Ces souches étaient au moins deux fois moins “susceptibles d’être éliminées” par le sérum humain.

« Cette étude est la première qui ait testé de façon systématique l’impact du MCR-1 sur la résistance aux peptides antimicrobiens chez les animaux d’élevage et chez l’être humain », a ajouté Craig MacLean.

George Varghese, professeur au département des maladies infectieuses du Christian Medical College, une école de médecine privée à Vellore, en Inde, et qui n’a pas participé à cette étude, a déclaré que « Ce qu’il y a de nouveau dans ces conclusions, c’est qu’elles démontrent comment l’utilisation d’antimicrobiens dans l’élevage des animaux peut avoir une incidence directe sur l’évolution de la résistance bactérienne. »

« Ceci a des implications importantes sur la manière dont nous appréhendons la relation entre l’utilisation d’antimicrobiens, l’évolution bactérienne et l’émergence de maladies infectieuses. », dit-il.

George Varghese a ajouté qu’au vu de ces conclusions, les décideurs et les praticiens devront peut-être revoir la façon dont ils réglementent et contrôlent l’utilisation des antimicrobiens dans l’élevage.
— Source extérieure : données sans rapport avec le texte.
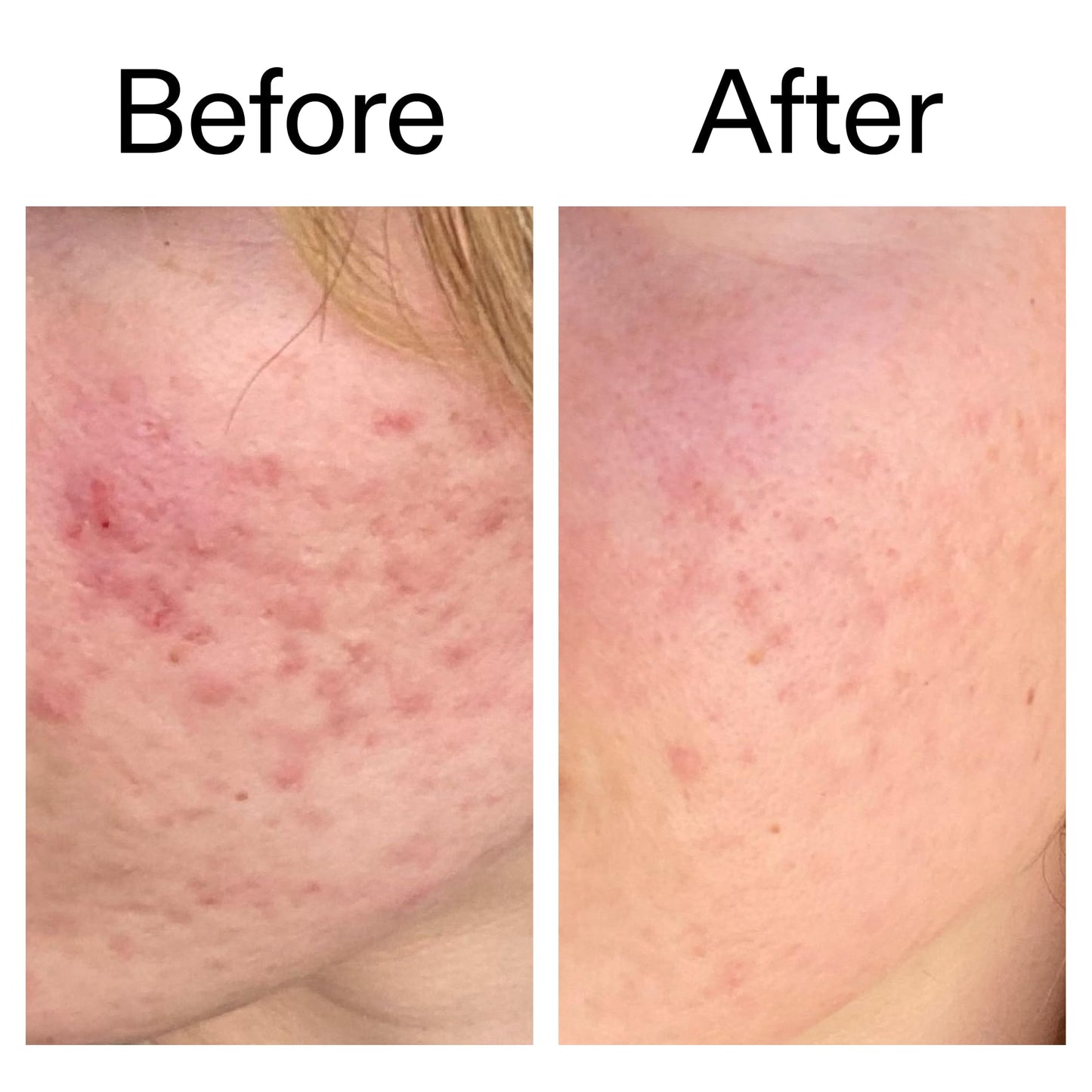 The INKEY List SuperSolutions Azelaic Acid 10% Serum, Fast-Absorbing Formula Helps Reduce Appearance of Redness and Soothes Skin,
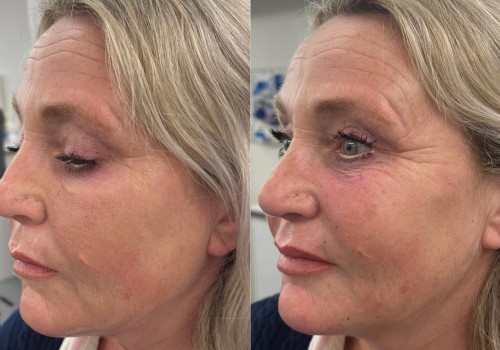 Exploring the Advantages of Dermal Fillers for a Youthful Appearance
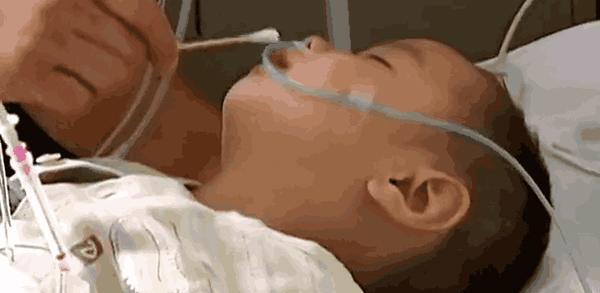 Bé trai 2 tuổi phải sống thực vật vì ngộ độc ốc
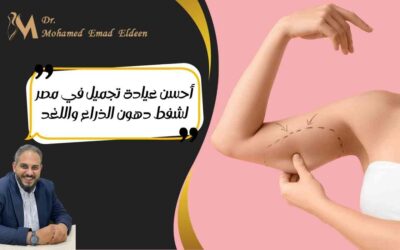 أحسن عيادة تجميل في مصر لشفط دهون الذراع واللغد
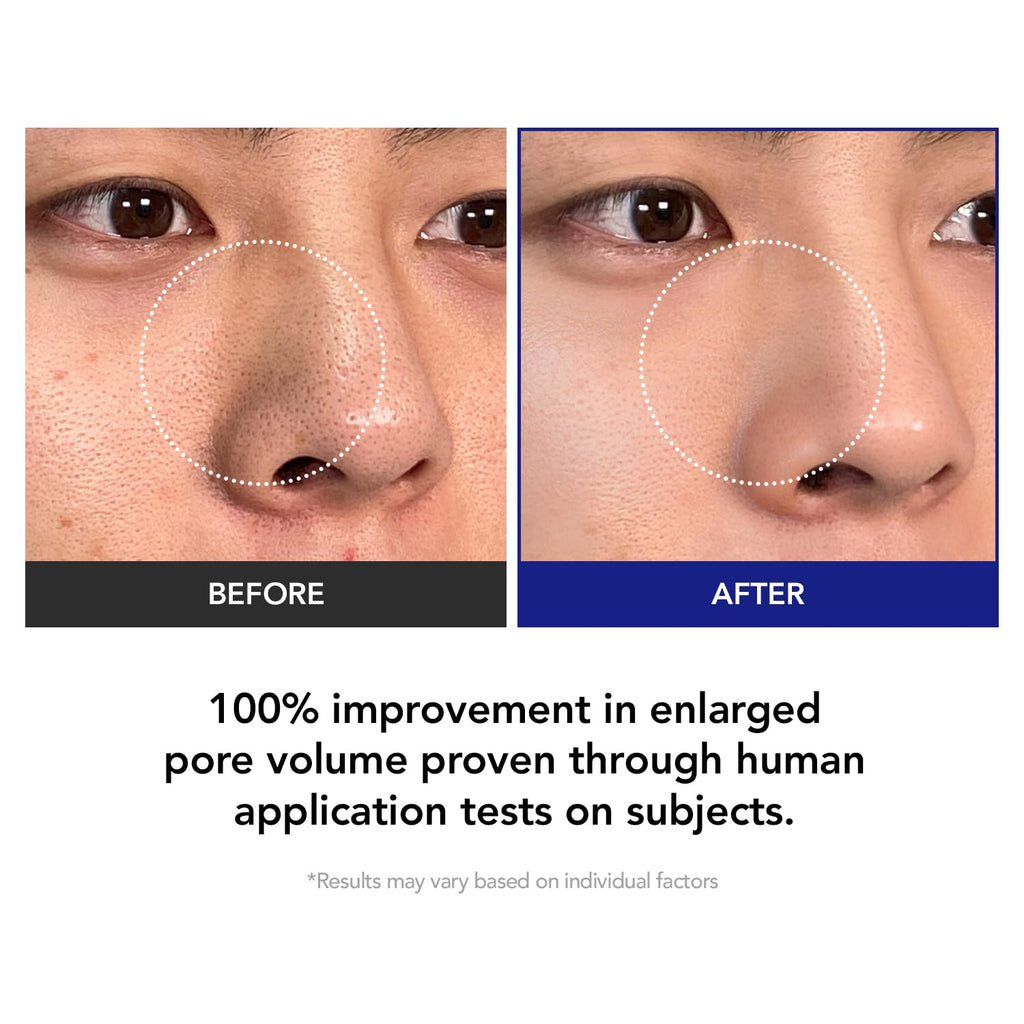 KIOSKIN Toner Pads – 35% Smaller Pores, 32% Reduced Pore Area, CICA Exosomes, AHA/BHA/PHA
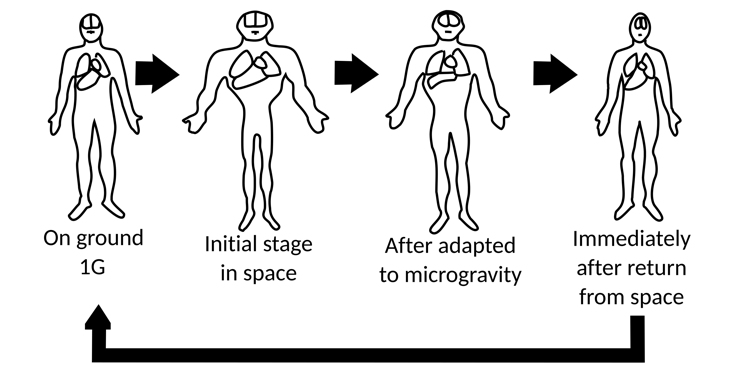 A diagram showing 4 drawings of a person, translucent so you can see their organs. In the first, 1G, the person is standing normally. In the 2nd, initial spaceflight, the person's upper body swells while their lower body is more shriveled. In the 3rd, adaptation to spaceflight they're more returned to normal, but still with some upper body swelling. In the 4th, return to Earth, they are back to normal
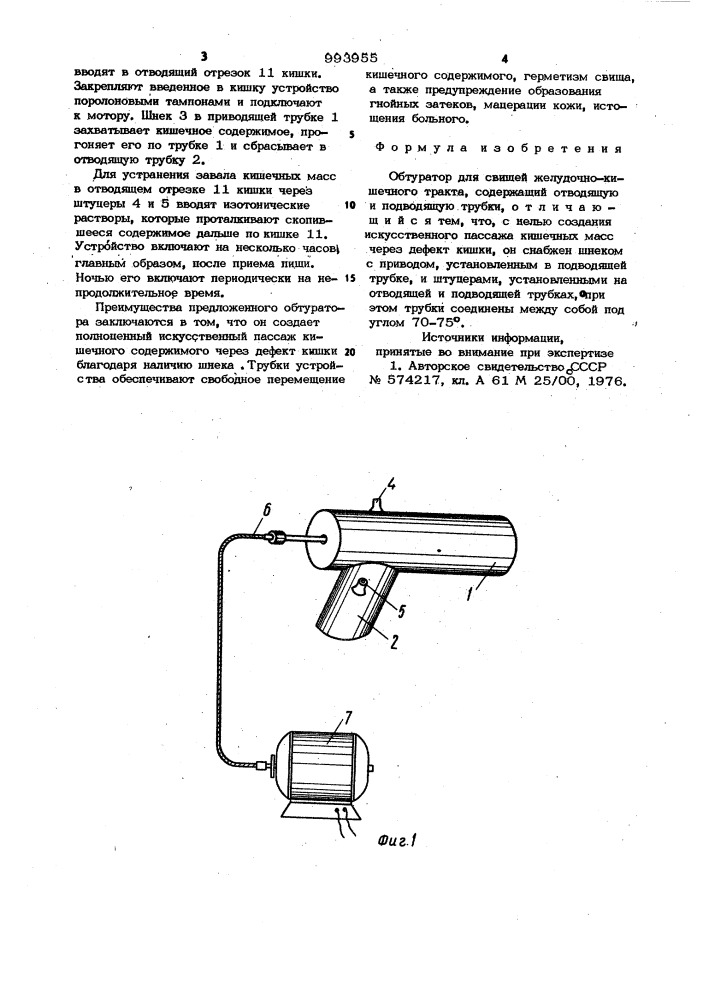 Обтуратор для свищей желудочно-кишечного тракта (патент 993955)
« Il faudra éventuellement renforcer les réglementations sur l’utilisation des antimicrobiens dans les aliments pour animaux, mettre en place des programmes de surveillance pour suivre la prévalence de la résistance aux antibiotiques chez les animaux, et mettre au point des stratégies alternatives pour lutter contre les maladies chez les animaux qui sont élevés sans traitement antimicrobien », a-t-il ajouté.

La version originale de cet article a été produite par l’édition mondiale de SciDev.Net.